Les « refondateurs » de Laurent Gbagbo qui vinrent par la suite rompirent, pour des raisons purement idéologiques, avec la France pour choisir comme partenaire stratégique l’Angola, anciennement colonisé comme nous, et qui avait bien du mal à se remettre de ses longues années de guerre civile. La politique de Gbagbo nous conduisit tout droit à un début de guerre civile, à une partition du pays et à un effondrement de notre économie.

L’histoire se termina par une vraie guerre civile qui coûta la vie à plus de trois mille personnes. Cette guerre ne prit fin que grâce au coup de pouce décisif de la France, qui contribua ainsi à installer un vrai pouvoir démocratiquement élu, contrairement à ce dont elle était communément accusée, à savoir de soutenir et de n’installer que des dictatures.

Alassane Ouattara, celui que les Ivoiriens ont élu en 2010, a choisi, une fois installé au pouvoir, de renouer avec la France comme ce fut le cas sous Houphouët-Boigny et Bédié. Et depuis lors, notre économie a retrouvé une telle vigueur que nous sommes aujourd’hui une des économies à la plus forte croissance au monde. On ne peut nier que les investissements français y sont pour quelque chose.

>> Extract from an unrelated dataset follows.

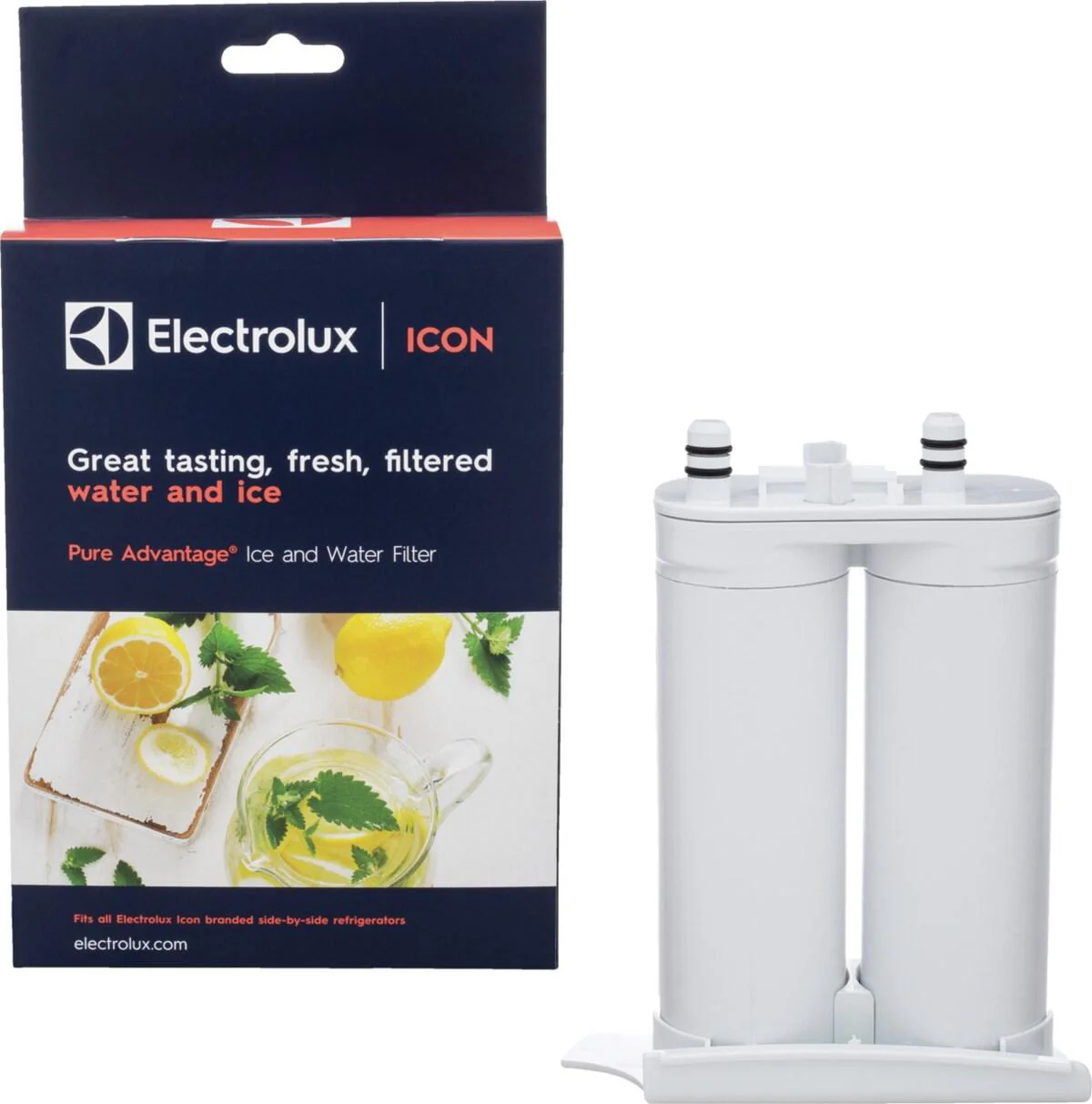 Electrolux EWF2CBPA PureAdvantage™ Water Filter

Il y en a évidemment en provenance de plusieurs autres pays, mais la France a retrouvé son rang de partenaire stratégique de notre pays. Avec ce pays, nous partageons une longue histoire qui eut certes son côté douloureux, car les histoires de colonisation n’ont jamais été douces, mais aussi, comme conséquence de notre histoire commune, une culture qui est celle de la francophonie.

La Côte d’Ivoire aspire aujourd’hui à être un pays émergent, c’est-à-dire un pays capable de tenir tout seul sur ses jambes. Ce qu’elle attend de la France, c’est qu’elle l’aide à se passer de l’aide. Certes, dans la société des nations que nous formons, personne ne peut dire qu’il peut se passer de l’aide des autres. C’est d’ailleurs tout le sens de la vie en société. Mais dans une société des nations équilibrée, il ne saurait y avoir des Etats qui vivent éternellement de l’aide des autres.

L’ambition du président Ouattara est de faire en sorte que son pays ne soit pas de ceux-là, d’où sa volonté de faire émerger notre pays le plus rapidement possible. Tous les indicateurs montrent que nous sommes sur la bonne voie. Et ce que nous attendons de la France, notre amie, notre partenaire, est de nous accompagner sur la distance qui nous sépare de l’émergence. Car une Côte d’Ivoire debout sur ses jambes, avec une classe moyenne forte et aisée ne peut être que bénéfique pour son partenaire privilégié qu’est la France.

La Francivoire (si nous pouvons nous permettre ce néologisme), dont nous rêvons, c’est cette relation-là. C’est ce que quelqu’un a appelé le co-développement. La France peut nous aider au niveau de la formation de nos cadres, et en investissant ici afin de créer des entreprises et des emplois qui retiennent sur place notre jeunesse qui, parfois, ne sait quoi faire de son énergie. Et ce sera gagnant-gagnant pour tout le monde.